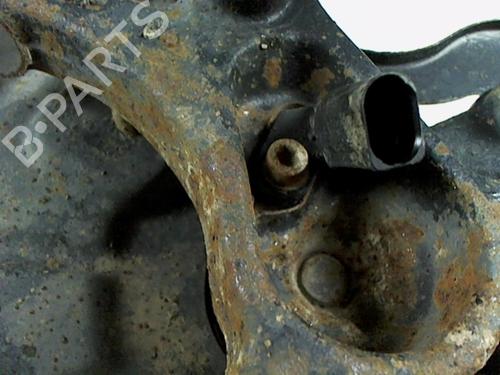 Used Right rear steering knuckle Right rear steering knuckle SKODA OCTAVIA II Combi (1Z5) 1.9 TDI (105 hp) 20392314 20392314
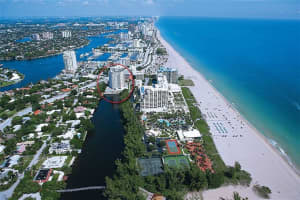 3000 Holiday Dr #1602, Fort Lauderdale, FL 33316, Sold 03/05/18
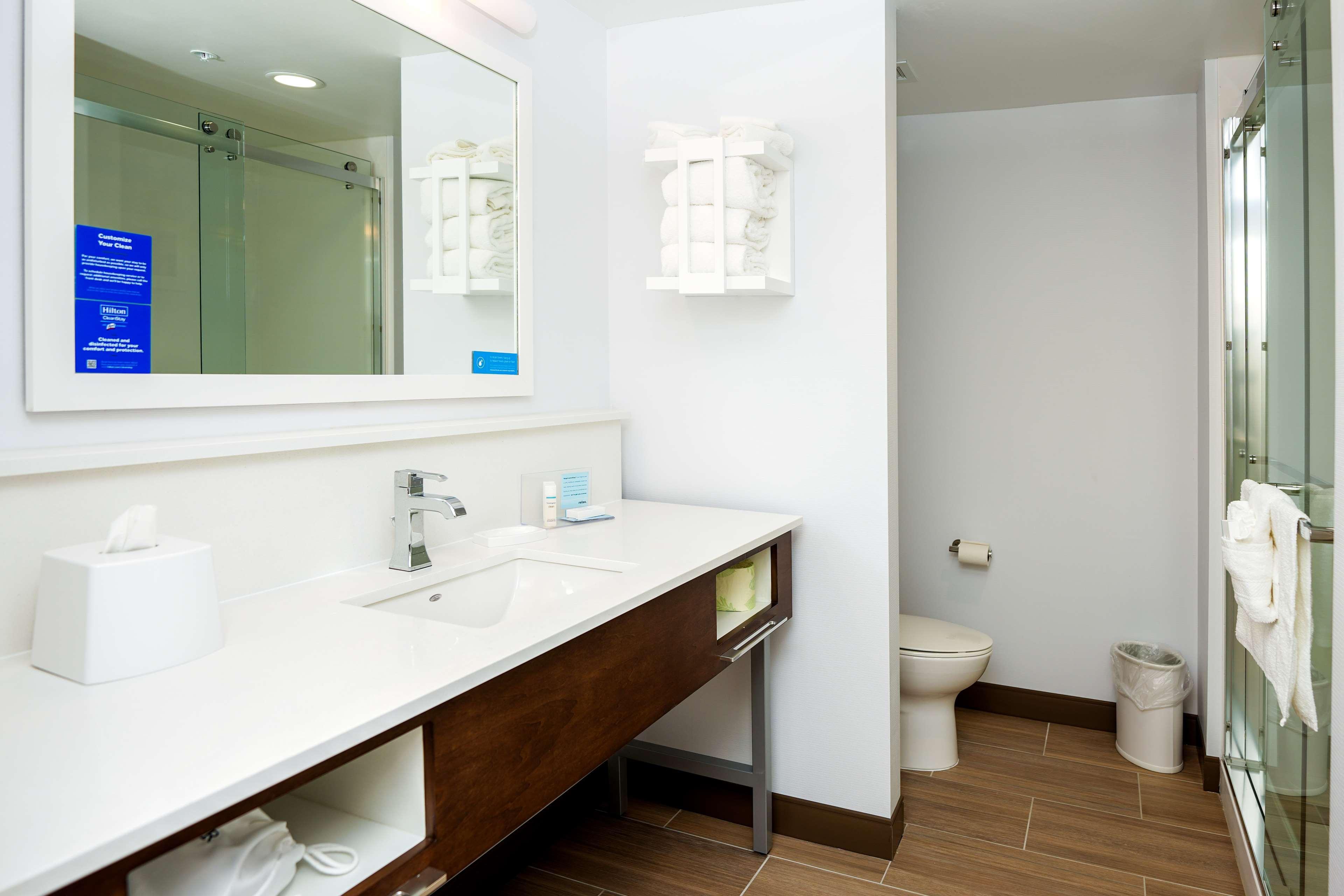 Hampton Inn & Suites Aurora South, Co Exteriör bild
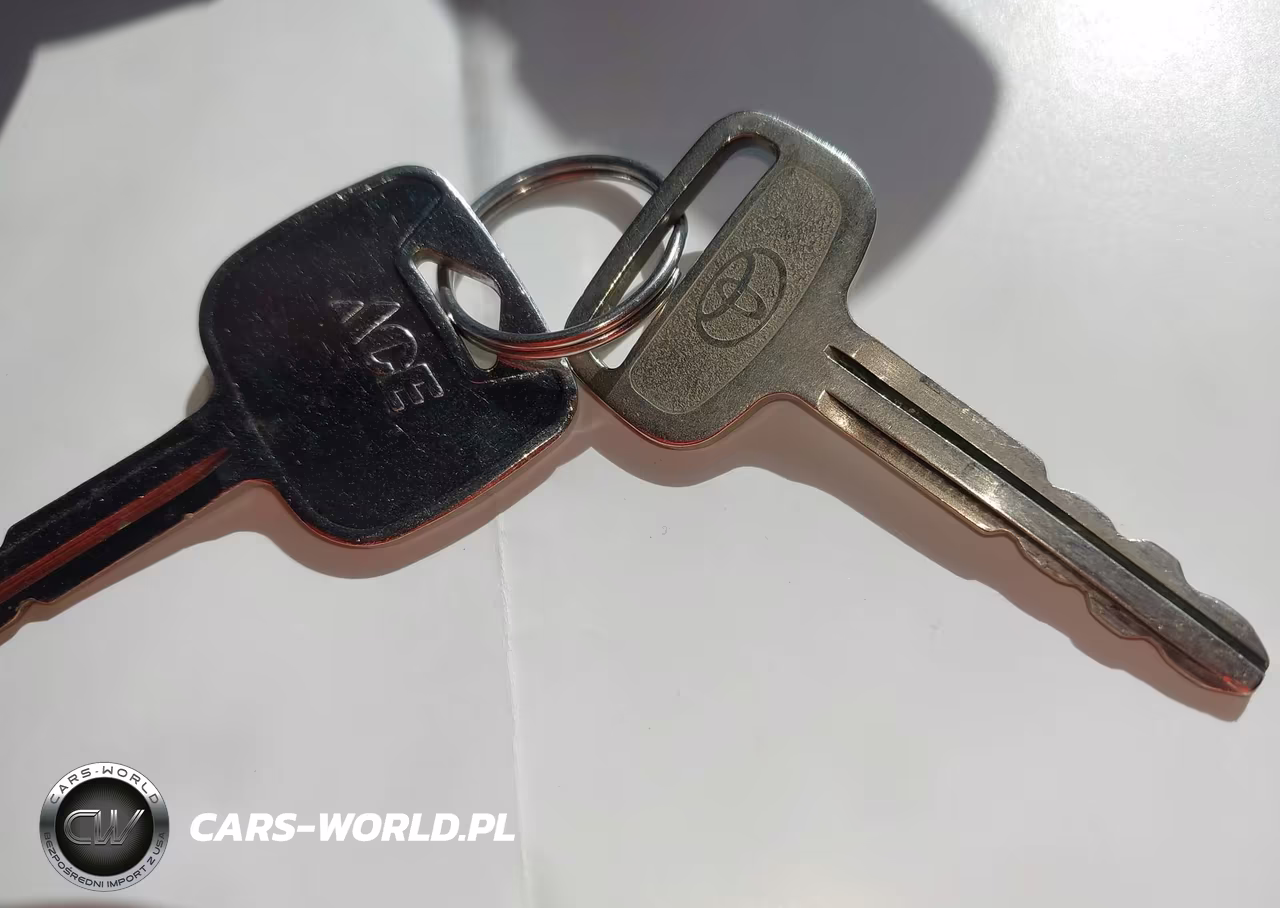 1998 Toyota Camry Le VIN:4T1BG22K9WU255953 - 11
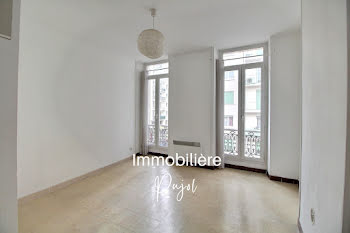 appartement à Marseille 5ème (13)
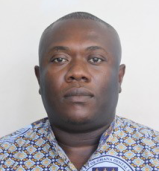 Dr. Gyaami Amoah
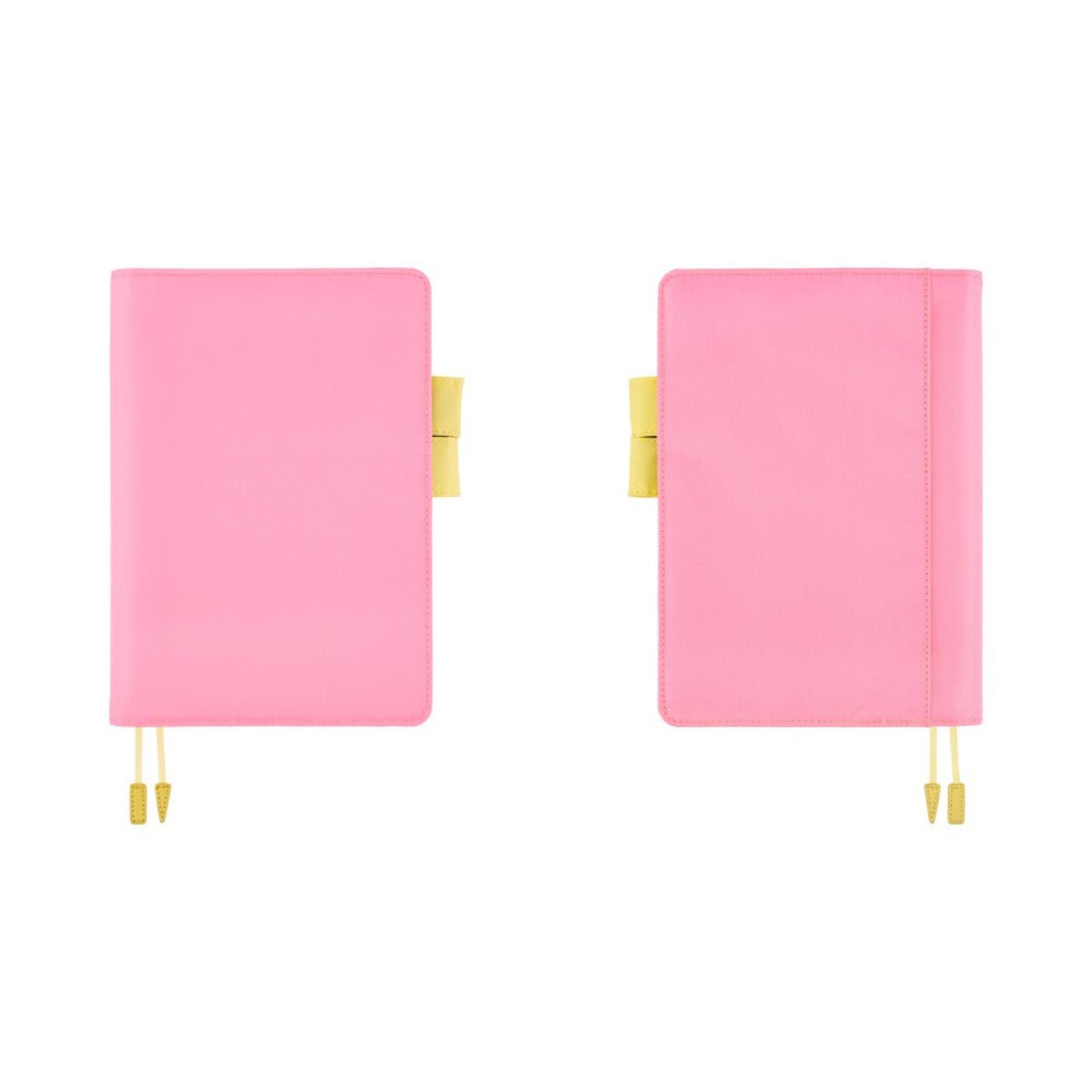 Hobonichi 2027 Cousin Japanese Cover - Colors: Candy Floss - A5 - Pen Boutique Ltd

TASK DESCRIPTION ▸ Exactly the lines from the line that contains "appartement à Marseille 5ème (13)" through the last line above, and no other lines, must be output, with pictures excluded.

RESULT OF THIS TASK ▸
 appartement à Marseille 5ème (13)
 Dr. Gyaami Amoah
 Hobonichi 2027 Cousin Japanese Cover - Colors: Candy Floss - A5 - Pen Boutique Ltd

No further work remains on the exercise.